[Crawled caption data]

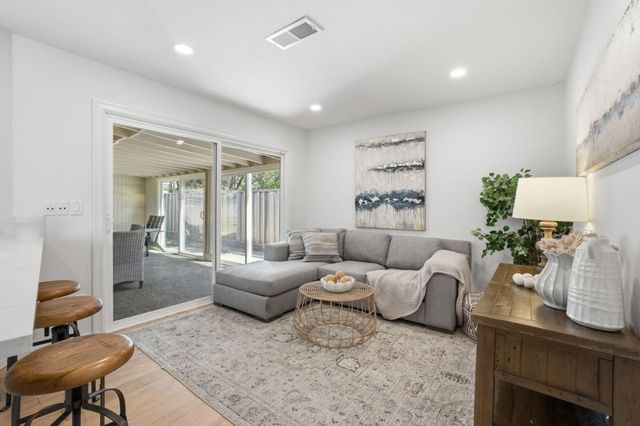 150 Tiller Court, Half Moon Bay, CA 94019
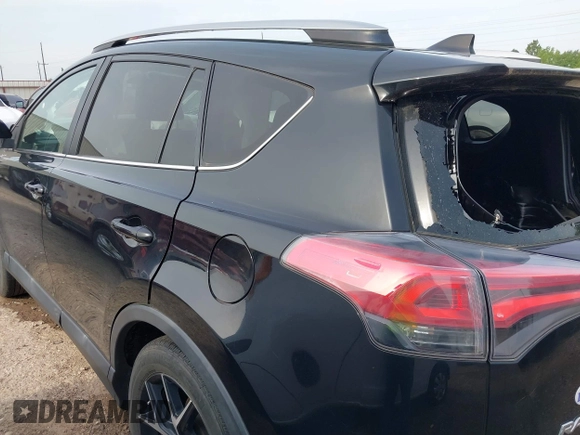 2018 Toyota RAV4 SE с VIN 2T3NFREV8JW437464, выставлен на аукционе IAAI как лот 42385066 с пробегом 90 732 миль миль и . История ставок и продаж доступна на DreamBid. Изображение 3.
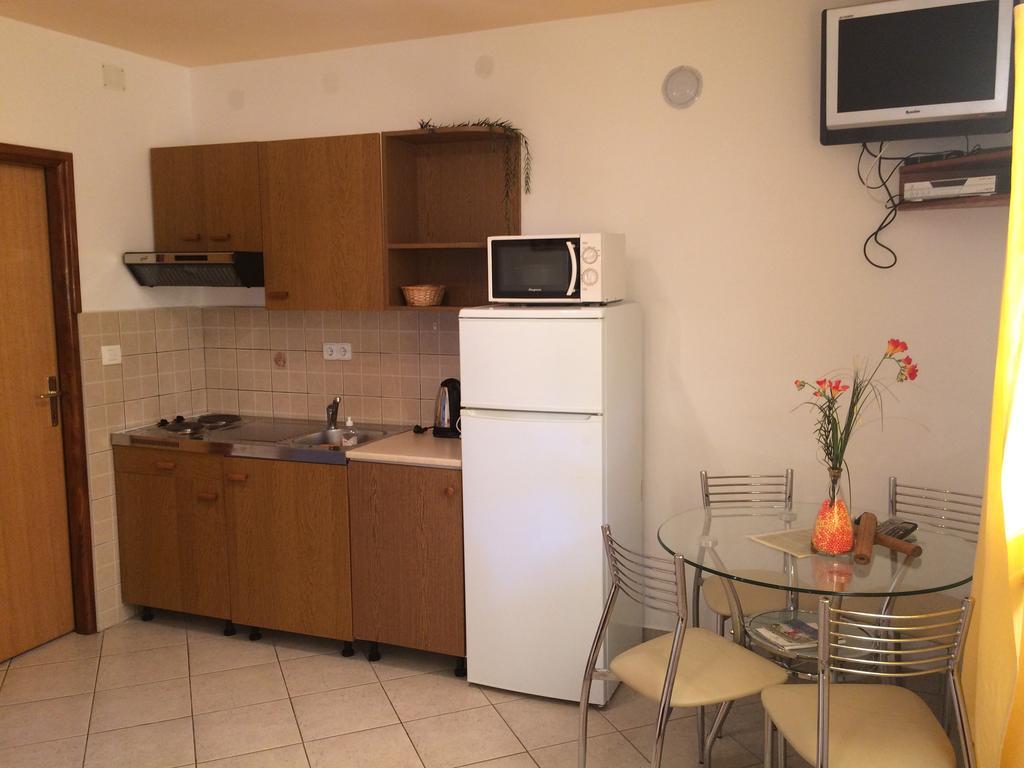 Apartment Kolundzic Novi Vinodolski Pokoj fotografie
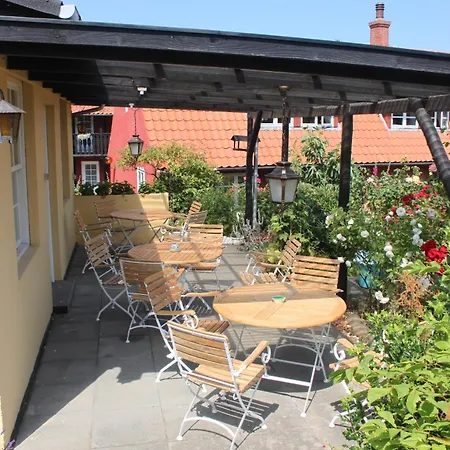 Sandbogaard Guest house 2*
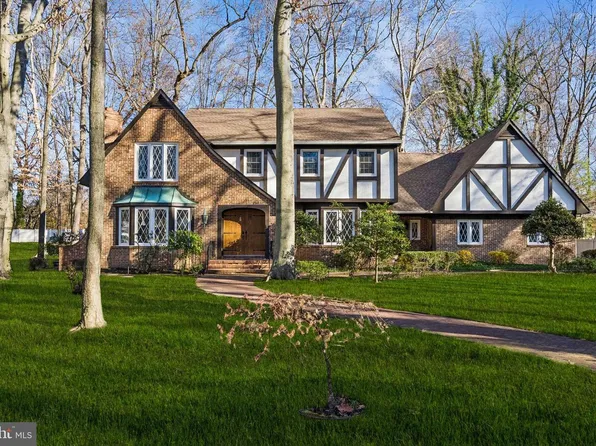 2 Oriole Way, Moorestown, NJ 08057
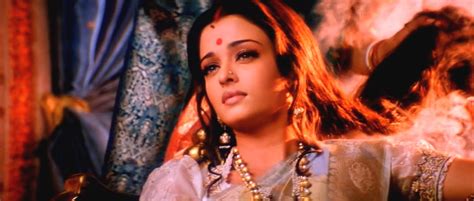 2002年最贵的宝莱坞电影 印度经典爱情片 美轮美奂令人迷醉|宝莱坞生死恋|宝莱坞|印度_新浪新闻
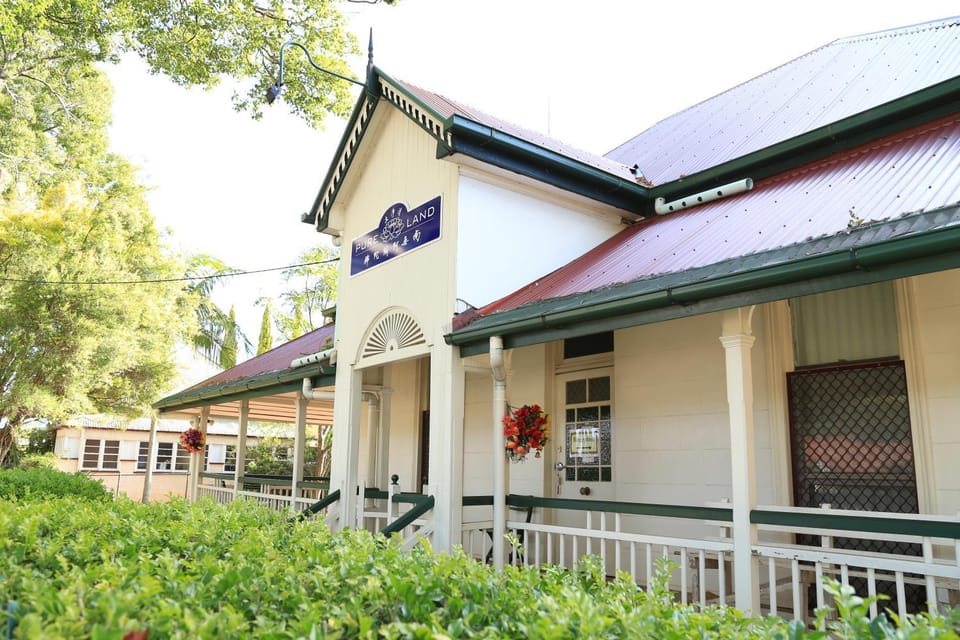 Facade/entrance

■ What you will do
Leaving the pictures out, write out every entry exactly.

■ Response for this exercise
 150 Tiller Court, Half Moon Bay, CA 94019
 2018 Toyota RAV4 SE с VIN 2T3NFREV8JW437464, выставлен на аукционе IAAI как лот 42385066 с пробегом 90 732 миль миль и . История ставок и продаж доступна на DreamBid. Изображение 3.
 Apartment Kolundzic Novi Vinodolski Pokoj fotografie
 Sandbogaard Guest house 2*
 2 Oriole Way, Moorestown, NJ 08057
 2002年最贵的宝莱坞电影 印度经典爱情片 美轮美奂令人迷醉|宝莱坞生死恋|宝莱坞|印度_新浪新闻
 Facade/entrance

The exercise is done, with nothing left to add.